The fort is an important historical landmark of the area as it symbolizes the city's cultural heritage. Outside of the fort's south wall is the Archdiocesan Marian Shrine of the Birhen sa Cotta, which is dedicated to the city's patron, Nuestra Señora de la Inmaculada Concepción y del Triunfo de la Cruz de Migpangi. The shrine is a well known pilgrimage site in city.

Background
The fort is square in shape, with one of its side is facing the bay while the opposite side is facing the city. The fort has 4 bastions (baluarte), namely San Fernando, San Jose, Santiago and San Ignacio. The fort's material is mostly blocks made from a mixture of coral and sandstone joined together by lime. The stones were a common material used in buildings and these were mostly abundant in the nearby Panguil Bay and islands.

 
At the fort's entrance is a large gate that was added during the fort's renovation. The gate features a bas relief of Saint James (Santiago in Spanish), adorned on its façade.

History

Construction

1754 was known back then as a time of great suffering for the people living in coastal towns and villages in southern Luzon, Visayas and Mindanao. Marauding pirates would appear, with no warning, and would burn the houses, crops, and carry away as many of the people as they could catch in order to be sold as slaves in Maguindanao, Sulu, Borneo or Indonesia. This problem led to the creation of a flotilla by the Spanish government, and a Spanish Jesuit missionary, Father José Ducos, was appointed as its commander in order to counter this scourge. After several victorious battles and when some peace was restored, it was decided to construct a stone fort at the mouth of Panguil Bay as a form of protection against future attacks.

Construction of the fortress soon began in 1756. However, due to limited money for the payment of workers and transport of materials, the fort took a long time to finish. The fort also served as shelter for the ships of the Spanish fleet during that time.

Because of the fort's benefit to the town, Misamis became the most important town in Northern Mindanao in the 18th and early 19th centuries. Misamis was then made the capital of the District of Misamis when Mindanao was originally divided into five districts, until during the 1870s when the seat of government was transferred to Cagayan de Oro.

Naming of the fort
Father Ducos belonged to a society that had a special devotion to the Blessed Virgin Mary, under her title of the Immaculate Conception.

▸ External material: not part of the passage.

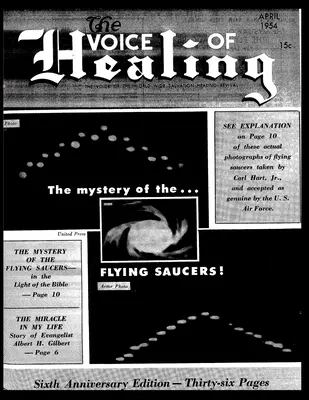 Die Stimme des HEALING MAGAZINs. Das Geheimnis der...FLYING SAUCERS APRIL, 1954 - The VOICE of HEALING MAGAZINE. The mystery of the...FLYING SAUCERS APRIL, 1954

The fort and the town was therefore put under her patronage, which led to the fort being officially called Fuerte de la Concepción y del Triunfo.

The "Triunfo" (Triumph) was the name of the leading vessel in the battles that cleared the harbor of Misamis and Panguil Bay of pirates. It was named in honor of the "Triunfo de la Cruz", the decisive battle in which the united Christian armies of Spain defeated the Moors at Las Navas de Tolosa in the year 1212. In thanksgiving for that victory, the Spaniards celebrated a special feast on July 16 called Triunfo de la Cruz (Triumph of the Cross).

Patronage
 
During or after the fort's construction, the image of the Nuestra Señora dela Inmaculada Concepción y del Triunfo de la Cruz de Migpangi arrived at Misamis. Father Ducos then placed the fort under her patronage and enshrined the image in a chapel inside the walls. Outside the fort's southern wall is a bas relief of the Virgin, which is facing the bay.

The wooden image was kept in the fort until sometime between 1875 and 1884 when it was transferred to the nearby parish church (now the Metropolitan Cathedral of the Immaculate Conception Ozamiz) by fray Jorge Carcabilla, the Spanish priest that was assigned in Misamis at the time, as both the chapel and the image was not properly taken care of.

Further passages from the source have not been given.